A new research study has come to a sobering conclusion – that investing more in IT security doesn’t necessarily reduce the number of breaches.
The research, which appeared in the MIS Quarterly, looked at how many breaches hospitals experienced relative to their IT security spending. The study authors started with the assumption that hospitals spending more on security would enjoy better protection from breaches.
The researchers assumed that looked at broadly, some security investments were “symbolic,” making superficial improvements that don’t get to the root of their problem, while others were substantive investments which met well-defined security needs.
After reviewing their data, researchers noted that many classes of hospitals turned out to be symbolic security investors, including members of smaller health systems, older hospitals, smaller hospitals and for-profit hospitals. They also noted that faith-based and less-entrepreneurial hospitals were prone to such investments. The only category of hospitals routinely making substantive security investments was teaching hospitals.
But that’s far from all. Their more controversial conclusions focused on the role of IT security investments in preventing security breaches. In short, their conclusion was pretty counterintuitive.
First, they found that larger IT security investments did not in and of themselves lower the likelihood of security breaches. Not only that, researchers concluded that the benefits of substantive adoption wouldn’t generate greater breach protection over time.

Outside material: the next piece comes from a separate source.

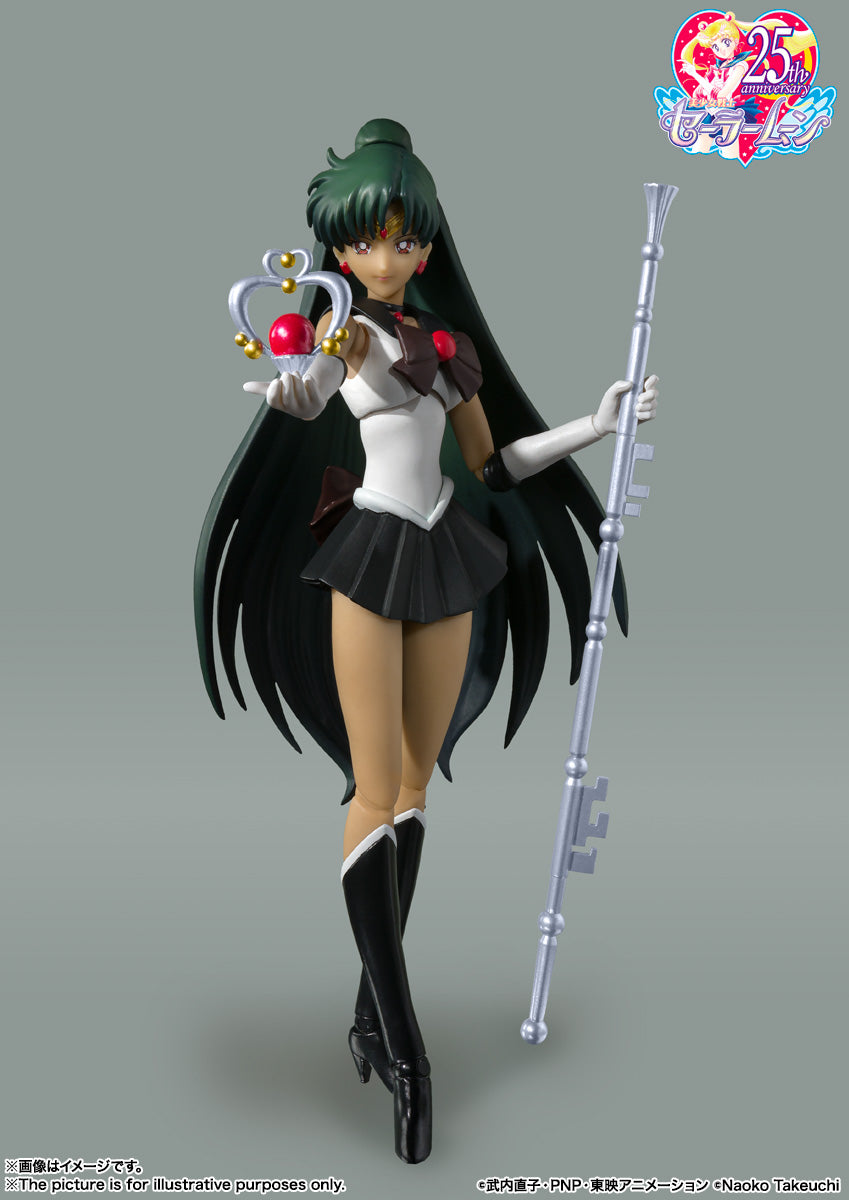 S.H.Figuarts Sailor Pluto -Animation Color Edition-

Researchers also concluded that the benefits of substantive IT security adoption by hospitals would take time to be realized. If I’m reading this correctly, mature IT security systems should offer more advantages over time, but not necessarily better breach protection.
Meanwhile, researchers concluded that the negative consequences of symbolic adoption would grow worse over time.
I don’t know about you, but I was pretty surprised by these results. Why wouldn’t substantively increasing security spending reduce the occurrence of breaches within hospitals? It’s something of a head-scratcher.
Of course, the answer to this question may lie in what type of substantive security investment hospitals make. The current set of results suggests, to me at least, that current technologies may not be as good at preventing breaches as they should be. Or maybe hospitals are investing in good technology but not hiring enough IT security experts to get the installation done right. Plus, purchasing security infrastructure can only do so much to stop bad user behavior. The issue deserves further research.
Regardless, this study offers food for thought. The industry can’t afford to do a bad job with preventing breaches.